I’m working on a 10 year old batch of downloaded websites that have been living on a local server. They consist of directories made up of .htm or .html files, images, and other web data that existed at that time, so I was interested to try warcit to see if I could package them into a warc.gz file for replay and use, since this seemed to fit one of the use cases for warcit. I’m running Mac OS 10.15.7, and using the latest version of Chrome if it helps.
After getting warcit up and running, I got successful messages for compiling the web files that live in a test local directory I created into warc.gz files (e.g. “Wrote 12 resources to blogtest.warc.gz”).

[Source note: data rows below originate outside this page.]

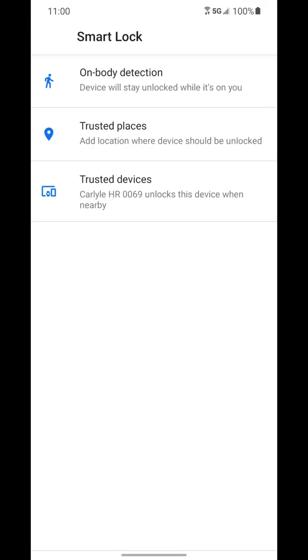Then you have to put in your pattern or your passcode or whatever you have. And once you do that, you see you have your options here.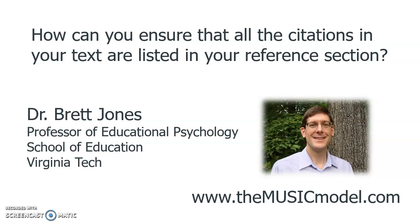So if you've ever written an academic paper, you may wonder how can you ensure that all the citations in your text are listed in your reference section? Well, I'm going to address that issue in this short video.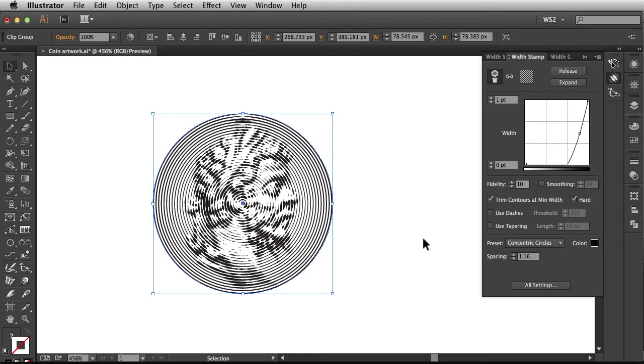And there you have it folks, that's the fidelity and smoothing settings for your Width Stamp panel available in WidthScribe2 by Astute Graphics.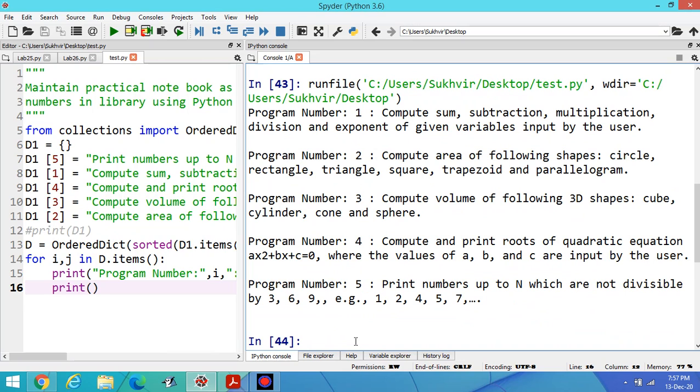In the next video I will discuss more operations on dictionary in lab number 27. Thanks for watching my video.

I’m guessing some of this is user error, and these files are fairly old, but when I attempted to load the warc.gz into replay web.page (browser online version), the URLs seemed to index correctly, and the mime types and dates looked accurate, yet when I tried to click on them to view, I got the following error for every URL:
“The webpage at https://replayweb.page/w/id-dcbbecbfcedd/20120620152050mp_//Users/lw2cd/Desktop/Working/Blog_Examples/ameliaAbreuim-blowing-up-serious-ladies-with-uva-folks-its.htm might be temporarily down or it may have moved permanently to a new web address.”
I also attempted to load the same warc.gz package into WR player, just to see if it would load, but none of the pages even indexed there (probably not a big surprise).
My questions are:
- Is this user error? Am I attempting to use warcit or replay web.page in a way that it wasn’t intended (web files that have been downloaded and have been sitting offline for years, repackaged into a warc.gz to be read by replay?)
- If it’s not user error, what might be missing in the info exchange between the warcit warc.gz package, and replay web.page? Where is the likely source of error? Warcit or replay web.page?
Thanks so much for taking a look, and am happy to supply more details if needed.